(Scraped caption text data)
--- START ---
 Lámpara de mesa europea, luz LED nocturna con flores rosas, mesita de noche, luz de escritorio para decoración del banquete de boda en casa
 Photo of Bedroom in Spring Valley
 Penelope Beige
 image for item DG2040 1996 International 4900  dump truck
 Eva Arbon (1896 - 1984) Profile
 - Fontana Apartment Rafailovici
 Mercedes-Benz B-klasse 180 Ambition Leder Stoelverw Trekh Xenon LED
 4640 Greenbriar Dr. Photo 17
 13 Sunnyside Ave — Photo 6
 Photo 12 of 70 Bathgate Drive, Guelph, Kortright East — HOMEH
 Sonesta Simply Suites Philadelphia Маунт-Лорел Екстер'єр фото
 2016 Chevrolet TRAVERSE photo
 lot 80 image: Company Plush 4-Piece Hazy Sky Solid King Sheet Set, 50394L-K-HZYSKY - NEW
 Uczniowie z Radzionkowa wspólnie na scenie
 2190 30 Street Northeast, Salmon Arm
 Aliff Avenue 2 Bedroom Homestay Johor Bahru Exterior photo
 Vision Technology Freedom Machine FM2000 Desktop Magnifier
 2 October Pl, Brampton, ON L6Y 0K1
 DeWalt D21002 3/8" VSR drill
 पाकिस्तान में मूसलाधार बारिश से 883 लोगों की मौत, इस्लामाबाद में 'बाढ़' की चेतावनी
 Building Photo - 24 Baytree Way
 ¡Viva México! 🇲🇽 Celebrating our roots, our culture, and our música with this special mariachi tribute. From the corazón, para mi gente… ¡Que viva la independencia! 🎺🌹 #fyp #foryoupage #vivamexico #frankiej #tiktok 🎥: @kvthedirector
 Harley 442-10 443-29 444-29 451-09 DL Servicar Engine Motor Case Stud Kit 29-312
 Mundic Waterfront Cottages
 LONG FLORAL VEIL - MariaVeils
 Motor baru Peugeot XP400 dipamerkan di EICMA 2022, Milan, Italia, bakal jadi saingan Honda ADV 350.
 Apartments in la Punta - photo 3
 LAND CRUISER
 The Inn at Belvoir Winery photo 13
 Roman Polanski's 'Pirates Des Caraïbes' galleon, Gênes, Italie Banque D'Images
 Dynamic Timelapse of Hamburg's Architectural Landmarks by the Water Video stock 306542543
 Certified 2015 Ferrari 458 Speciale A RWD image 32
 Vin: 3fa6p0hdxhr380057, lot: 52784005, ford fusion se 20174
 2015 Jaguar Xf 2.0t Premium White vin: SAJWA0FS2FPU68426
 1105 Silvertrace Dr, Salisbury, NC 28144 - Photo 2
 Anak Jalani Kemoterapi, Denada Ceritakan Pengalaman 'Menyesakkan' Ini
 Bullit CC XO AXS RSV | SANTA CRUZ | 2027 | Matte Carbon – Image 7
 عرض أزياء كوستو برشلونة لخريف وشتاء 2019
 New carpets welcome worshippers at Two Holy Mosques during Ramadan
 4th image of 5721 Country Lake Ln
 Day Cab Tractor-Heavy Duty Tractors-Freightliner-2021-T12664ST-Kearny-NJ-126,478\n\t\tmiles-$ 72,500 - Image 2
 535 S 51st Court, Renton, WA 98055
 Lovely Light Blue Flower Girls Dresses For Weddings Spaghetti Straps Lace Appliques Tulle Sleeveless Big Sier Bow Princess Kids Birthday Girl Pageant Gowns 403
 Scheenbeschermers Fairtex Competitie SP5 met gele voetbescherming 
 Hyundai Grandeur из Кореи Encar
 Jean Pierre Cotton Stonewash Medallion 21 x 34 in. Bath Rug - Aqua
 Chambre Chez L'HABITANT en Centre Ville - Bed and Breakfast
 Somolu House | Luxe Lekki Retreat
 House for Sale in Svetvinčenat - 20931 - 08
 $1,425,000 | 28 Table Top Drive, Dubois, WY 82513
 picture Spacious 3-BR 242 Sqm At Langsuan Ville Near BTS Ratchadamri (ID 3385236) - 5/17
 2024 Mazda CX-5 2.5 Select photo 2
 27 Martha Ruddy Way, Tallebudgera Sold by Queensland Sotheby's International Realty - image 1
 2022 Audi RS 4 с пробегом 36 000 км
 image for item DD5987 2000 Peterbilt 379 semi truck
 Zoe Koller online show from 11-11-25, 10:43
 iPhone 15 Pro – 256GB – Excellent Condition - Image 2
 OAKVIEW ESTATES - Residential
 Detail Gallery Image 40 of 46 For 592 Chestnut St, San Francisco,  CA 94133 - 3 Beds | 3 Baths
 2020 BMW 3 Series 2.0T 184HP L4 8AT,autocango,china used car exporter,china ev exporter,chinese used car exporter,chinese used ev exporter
--- END ---
Problem details
Your answer should hold the line with "Jean Pierre Cotton" and each line after it to the end of the data, retyped exactly. Include no other lines.

Solution to this task
 Jean Pierre Cotton Stonewash Medallion 21 x 34 in. Bath Rug - Aqua
 Chambre Chez L'HABITANT en Centre Ville - Bed and Breakfast
 Somolu House | Luxe Lekki Retreat
 House for Sale in Svetvinčenat - 20931 - 08
 $1,425,000 | 28 Table Top Drive, Dubois, WY 82513
 picture Spacious 3-BR 242 Sqm At Langsuan Ville Near BTS Ratchadamri (ID 3385236) - 5/17
 2024 Mazda CX-5 2.5 Select photo 2
 27 Martha Ruddy Way, Tallebudgera Sold by Queensland Sotheby's International Realty - image 1
 2022 Audi RS 4 с пробегом 36 000 км
 image for item DD5987 2000 Peterbilt 379 semi truck
 Zoe Koller online show from 11-11-25, 10:43
 iPhone 15 Pro – 256GB – Excellent Condition - Image 2
 OAKVIEW ESTATES - Residential
 Detail Gallery Image 40 of 46 For 592 Chestnut St, San Francisco,  CA 94133 - 3 Beds | 3 Baths
 2020 BMW 3 Series 2.0T 184HP L4 8AT,autocango,china used car exporter,china ev exporter,chinese used car exporter,chinese used ev exporter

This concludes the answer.